Designing Lightweight AI Agents for Edge Deployment
A Minimal Capability Framework with Insights from Literature Synthesis
Contents Overview
This appendix provides detailed architectural diagrams for each of the MCD layers: the Prompt Layer, the Stateless Control Layer, the Execution Layer, and the integrated Fallback mechanisms.
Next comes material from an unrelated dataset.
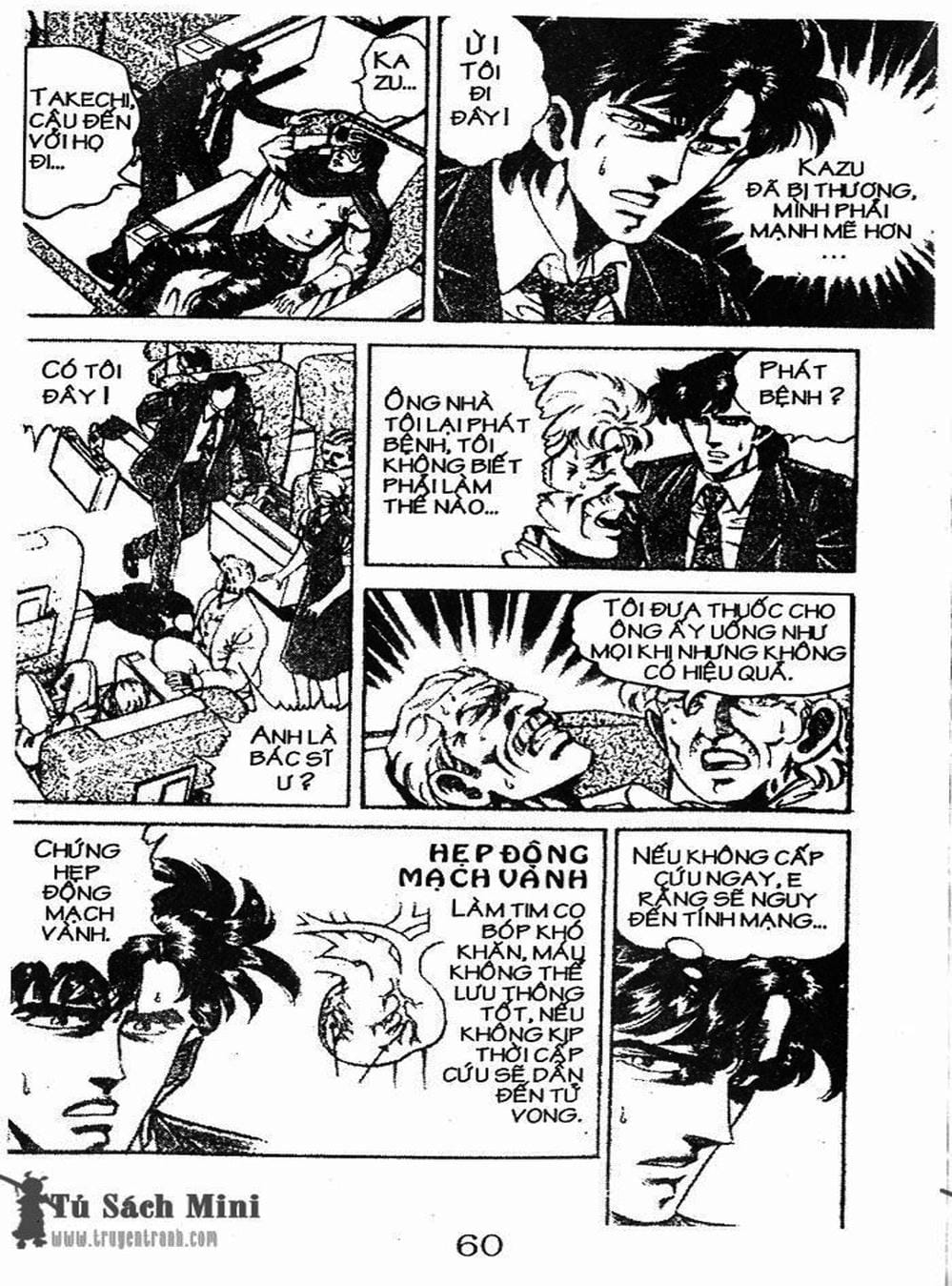 Truyện Tranh Bác Sĩ K - Doctor K trang 3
These visual representations clarify how MCD avoids orchestration-heavy pipelines while maintaining architectural discipline.
Purpose Statement
To visually link the subsystem designs from Chapter 4 with the instantiated agent architecture in Chapter 5, demonstrating how MCD principles (Minimality by Default, Bounded Rationality, Degeneracy Detection) manifest in concrete system architecture without requiring complex orchestration frameworks.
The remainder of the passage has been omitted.